Segmenté en six grandes lignes, voici un aperçu de ses principes :

  1. Les films d’horreur sélectionnés pour cette étude n’ont pas besoin d’être contemporains pour mériter d’être étudiés, donc de la dernière décennie. Ce point permet entre autres d’avoir une vue d’ensemble plus historique.
  2. Les films d’horreur analysés n’ont pas besoin d’être de longs métrages pour être dignes de cette étude. Les courts métrages et les anthologies sont les bienvenues!
  3. Les films n’ont pas besoin d’être commerciaux, ayant eu un budget énorme ainsi qu’un succès monétaire faramineux.
  4. Les femmes créatrices d’horreur sélectionnées n’ont pas besoin d’être des réalisatrices pour faire partie de l’étude. Comme expliqué plus haut, les films sont des projets collaboratifs. Il est tout aussi important de voir l’impact de ces femmes scénaristes, productrices, etc. sur les films.
  5. Les films d’horreur choisis n’ont pas besoin d’être délimités au cinéma américain. Le cinéma international regorge d’œuvres pertinentes. De plus, il est important d’élargir nos horizons sur les thématiques du genre et leurs exécutions.
  6. Finalement, cet essai n’est pas une correction de l’histoire du cinéma, mais bien un début pour inclure les femmes dans cette histoire. Bref, le but du livre n’est pas de rabaisser les hommes et leurs œuvres, mais d’exposer la juste valeur des femmes qui ont contribué au 7e art.
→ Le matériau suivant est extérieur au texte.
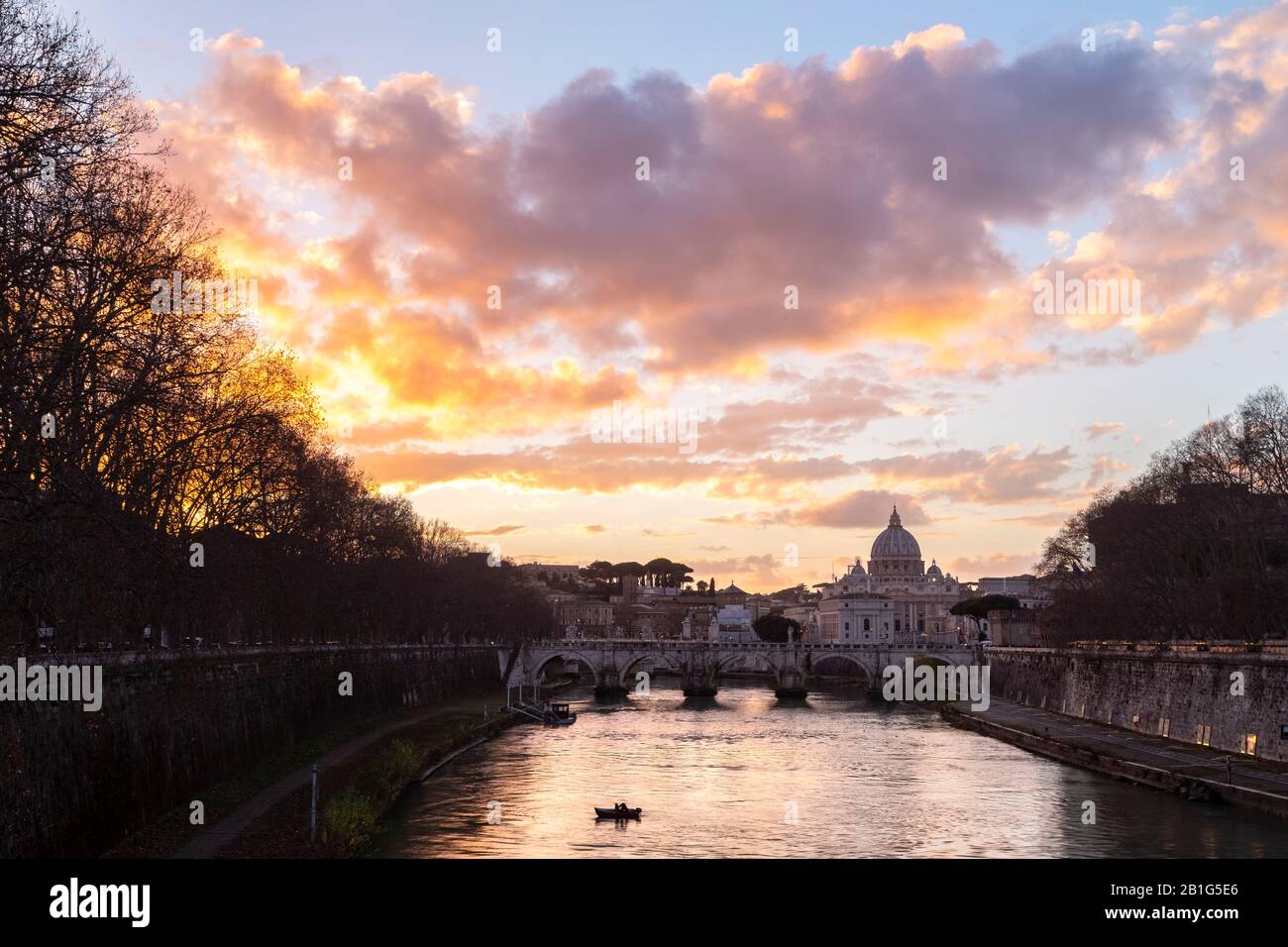 Tramonto a Roma di fronte alla Basilica di San Pietro, al ponte di Sant'Angelo e al fiume Tevere dal ponte Umberto I. Foto Stock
Avec dix-huit chapitres plus diversifiés les uns que les autres, Women Make Horror : Filmaking, Feminism, Genre est un documentaire essentiel pour les amoureux du genre. Je ne peux malheureusement vous résumer l’ensemble des sujets et productions analysés, mais voici quelques-uns de mes coups de cœur. The (Re)birth of Pregnancy Horror in Alice Lowe’s Prevenge d’Amy C. Chambers ; The Stranger With My Face International Film Festival and the Australian Female Gothic de Donna McRae ; et finalement, Personal Trauma Cinema and the Experimental Videos of Cecelia Condit and Ellen Cantor de Katia Houde. Je vous encourage fortement à écouter sur YouTube le court métrage de Cecelia Condit, Possibly in Michigan, il en vaut le détour!

Le seul point négatif de cet essai, selon moi, est le côté hyper académique des analyses. Personnellement, j’adore explorer et interpréter en parallèle les théories féministes et philosophiques entourant les sujets, puis décortiquer ces derniers, mais j’ai conscience que cet élément pourrait en répugner plus d’un. Cela dit, j’espère sincèrement qu’Alison Peirse publiera une suite à cette compilation, car j’ai l’impression qu’il y a tellement d’œuvres et thématiques qui n’ont pas été abordées ici! Un document à lire et relire.